Technische Hilfsmittel und digitale Tools können dabei unterstützen, Stress frühzeitig zu erkennen. Arbeitszeiterfassung, digitale Umfragen zum Wohlbefinden oder Gesundheits-Apps zur Selbstreflexion sind längst keine Spielereien mehr, sondern ein sinnvoller Beitrag zur Früherkennung psychischer Belastungen. Wichtig ist, dass daraus konkrete Maßnahmen abgeleitet werden – vom Führungsteam ebenso wie von den Mitarbeitenden selbst.

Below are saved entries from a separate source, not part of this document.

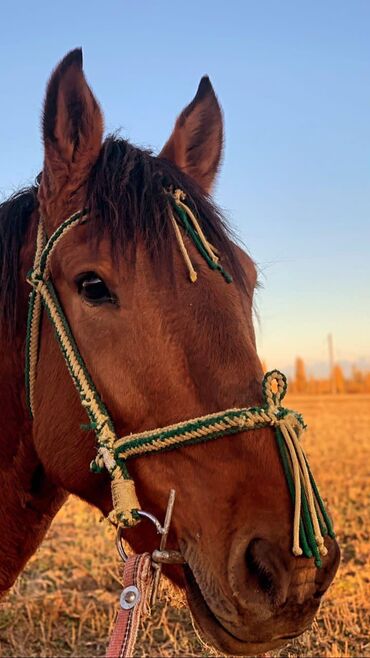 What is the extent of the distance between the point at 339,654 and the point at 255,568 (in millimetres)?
2812

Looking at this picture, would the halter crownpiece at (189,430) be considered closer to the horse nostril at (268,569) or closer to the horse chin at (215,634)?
the horse nostril at (268,569)

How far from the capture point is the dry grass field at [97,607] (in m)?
4.70

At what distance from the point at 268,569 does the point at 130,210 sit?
4.63 feet

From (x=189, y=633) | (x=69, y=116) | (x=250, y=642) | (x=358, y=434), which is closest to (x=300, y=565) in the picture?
(x=250, y=642)

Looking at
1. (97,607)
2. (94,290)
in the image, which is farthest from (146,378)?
(97,607)

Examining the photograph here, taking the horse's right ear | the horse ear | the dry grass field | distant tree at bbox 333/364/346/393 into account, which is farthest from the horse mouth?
distant tree at bbox 333/364/346/393

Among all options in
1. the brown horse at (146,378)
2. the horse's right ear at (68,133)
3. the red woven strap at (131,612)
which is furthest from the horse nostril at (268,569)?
the horse's right ear at (68,133)

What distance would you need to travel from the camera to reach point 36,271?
8.71ft

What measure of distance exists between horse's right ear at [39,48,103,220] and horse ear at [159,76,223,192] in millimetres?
513

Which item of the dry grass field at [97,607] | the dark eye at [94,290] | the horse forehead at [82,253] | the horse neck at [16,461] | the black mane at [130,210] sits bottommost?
the dry grass field at [97,607]

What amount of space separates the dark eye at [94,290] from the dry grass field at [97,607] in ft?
5.74

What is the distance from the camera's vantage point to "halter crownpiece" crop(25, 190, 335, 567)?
6.59ft

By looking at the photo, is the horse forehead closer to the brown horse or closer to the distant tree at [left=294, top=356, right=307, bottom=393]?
the brown horse

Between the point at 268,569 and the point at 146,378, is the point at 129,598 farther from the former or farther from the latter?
the point at 146,378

Auch die Rolle der Führungskräfte darf nicht unterschätzt werden. Wer Verantwortung trägt, beeinflusst maßgeblich die Teamkultur. Ein wertschätzender, achtsamer Führungsstil wirkt oft präventiver als jedes externe Coaching. Gleichzeitig sind gerade Führungskräfte selbst besonders belastet – ein Teufelskreis, wenn nicht rechtzeitig gegengesteuert wird.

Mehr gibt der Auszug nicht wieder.